Dan eyed the fortunate prospector greedily, and his predatory instinct brought him to a quick decision. He went to Lou, who was sitting, drearily enough, alone at a table in a corner of the room. He spoke to her softly, that none might overhear, though of this there was little danger amid the noise of rollicking gayety.

"There's a chap here I mean to chum up with a bit," Dangerous Dan explained. "I'll introduce him, and you must be nice enough to him to make him talk."

The woman nodded assent. For it had come to such a pass. Often, she had stooped to play decoy for the man in his schemes against his fellows.

Dan McGrew had persistently lied to this woman. By his arts he had ruined her life. But Lou had still no inkling of the truth. One great fact was impressed upon her as time passed: This man loved her—and he was loyal to her.
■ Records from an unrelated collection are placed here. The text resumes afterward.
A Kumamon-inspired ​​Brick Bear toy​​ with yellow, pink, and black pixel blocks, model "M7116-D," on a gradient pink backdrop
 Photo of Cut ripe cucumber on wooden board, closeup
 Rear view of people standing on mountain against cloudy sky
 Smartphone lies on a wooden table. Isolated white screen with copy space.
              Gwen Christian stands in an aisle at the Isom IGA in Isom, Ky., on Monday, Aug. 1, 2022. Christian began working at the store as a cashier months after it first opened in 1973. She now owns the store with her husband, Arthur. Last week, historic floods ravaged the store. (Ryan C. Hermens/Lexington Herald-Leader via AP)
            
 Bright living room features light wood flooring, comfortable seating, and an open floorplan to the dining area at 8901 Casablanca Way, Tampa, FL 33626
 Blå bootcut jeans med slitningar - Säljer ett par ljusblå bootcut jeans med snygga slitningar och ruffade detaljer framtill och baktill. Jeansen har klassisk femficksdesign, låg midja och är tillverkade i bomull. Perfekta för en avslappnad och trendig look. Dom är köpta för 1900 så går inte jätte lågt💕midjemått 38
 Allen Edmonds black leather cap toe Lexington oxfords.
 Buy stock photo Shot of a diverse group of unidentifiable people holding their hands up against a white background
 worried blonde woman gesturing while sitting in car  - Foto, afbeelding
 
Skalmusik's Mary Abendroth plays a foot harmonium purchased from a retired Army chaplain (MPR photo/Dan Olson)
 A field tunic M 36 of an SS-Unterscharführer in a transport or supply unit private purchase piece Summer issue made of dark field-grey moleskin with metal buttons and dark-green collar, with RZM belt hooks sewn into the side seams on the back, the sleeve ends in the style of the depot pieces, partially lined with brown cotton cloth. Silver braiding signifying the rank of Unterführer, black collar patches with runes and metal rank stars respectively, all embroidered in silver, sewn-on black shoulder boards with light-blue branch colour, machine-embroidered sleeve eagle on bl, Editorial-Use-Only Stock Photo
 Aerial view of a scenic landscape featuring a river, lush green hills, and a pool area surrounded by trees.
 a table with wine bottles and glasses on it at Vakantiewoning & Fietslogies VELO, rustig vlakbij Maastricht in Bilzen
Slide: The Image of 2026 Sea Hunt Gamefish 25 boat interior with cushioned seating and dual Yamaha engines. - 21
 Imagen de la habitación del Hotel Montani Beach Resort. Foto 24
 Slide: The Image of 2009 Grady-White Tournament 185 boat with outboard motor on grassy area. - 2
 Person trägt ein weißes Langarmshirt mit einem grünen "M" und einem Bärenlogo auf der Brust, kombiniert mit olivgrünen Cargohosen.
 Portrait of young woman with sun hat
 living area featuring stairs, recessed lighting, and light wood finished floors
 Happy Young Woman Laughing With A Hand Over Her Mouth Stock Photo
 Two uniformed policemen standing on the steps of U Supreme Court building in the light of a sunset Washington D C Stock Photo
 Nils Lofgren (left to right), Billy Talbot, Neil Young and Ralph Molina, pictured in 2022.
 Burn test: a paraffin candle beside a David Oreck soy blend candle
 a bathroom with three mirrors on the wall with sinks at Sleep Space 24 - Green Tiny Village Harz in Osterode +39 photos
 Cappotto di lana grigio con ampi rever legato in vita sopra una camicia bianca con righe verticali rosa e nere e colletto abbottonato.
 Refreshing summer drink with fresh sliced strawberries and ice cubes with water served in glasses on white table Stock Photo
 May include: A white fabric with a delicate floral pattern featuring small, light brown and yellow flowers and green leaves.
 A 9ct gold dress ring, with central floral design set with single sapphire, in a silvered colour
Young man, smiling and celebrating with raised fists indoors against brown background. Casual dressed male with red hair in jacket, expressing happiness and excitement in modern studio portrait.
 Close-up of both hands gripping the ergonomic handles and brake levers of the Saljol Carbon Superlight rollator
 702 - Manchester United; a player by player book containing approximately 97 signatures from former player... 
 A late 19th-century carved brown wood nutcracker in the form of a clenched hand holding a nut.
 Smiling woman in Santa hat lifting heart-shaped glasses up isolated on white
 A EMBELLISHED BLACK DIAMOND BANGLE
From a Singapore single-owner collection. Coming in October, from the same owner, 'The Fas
Since she had lost everything dear, it seemed her duty to give the worthless remnant of her life to the one who thus esteemed it something precious.


When Lou returned to consciousness, after the fever and delirium that seized her the dreadful night of the flight from home, her first question was concerning the drowned child.

The man at the bedside met her imploring gaze steadfastly, and spoke his falsehoods so convincingly that she had never a doubt. The river had been searched with every care, he declared. The body had not been found. The bereaved mother had been denied the last pitiful solace of grief—a place of burial wherein to mourn over the lost.

After the final deprivation, Lou was apathetic. The light had gone out of her life. She was numb with misery. Her most distinct emotion was a sort of passive gratitude toward the man who had so frightfully wronged her. It was in obedience to the promptings of this feeling that Lou meekly accepted his every suggestion. She did so with the more readiness because these suggestions were so skillfully contrived as to seem the epitome of unselfishness.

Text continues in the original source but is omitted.